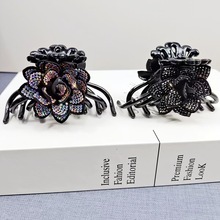 2024¿Wrнݿ荻ץAů߼аٴlAl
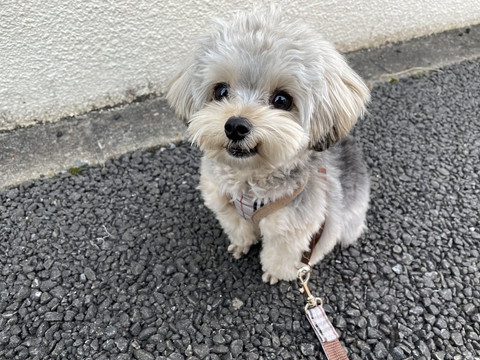 散歩中に座っている犬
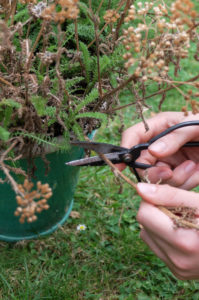 Remove faded umbels of yarrow (Achillea), garden practice Remove faded umbels of yarrow (Achillea), garden practice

◆ Aim of the task
Word for word, quote the full listing, omitting every picture.

◆ Written solution
 2024¿Wrнݿ荻ץAů߼аٴlAl
 散歩中に座っている犬
 Remove faded umbels of yarrow (Achillea), garden practice Remove faded umbels of yarrow (Achillea), garden practice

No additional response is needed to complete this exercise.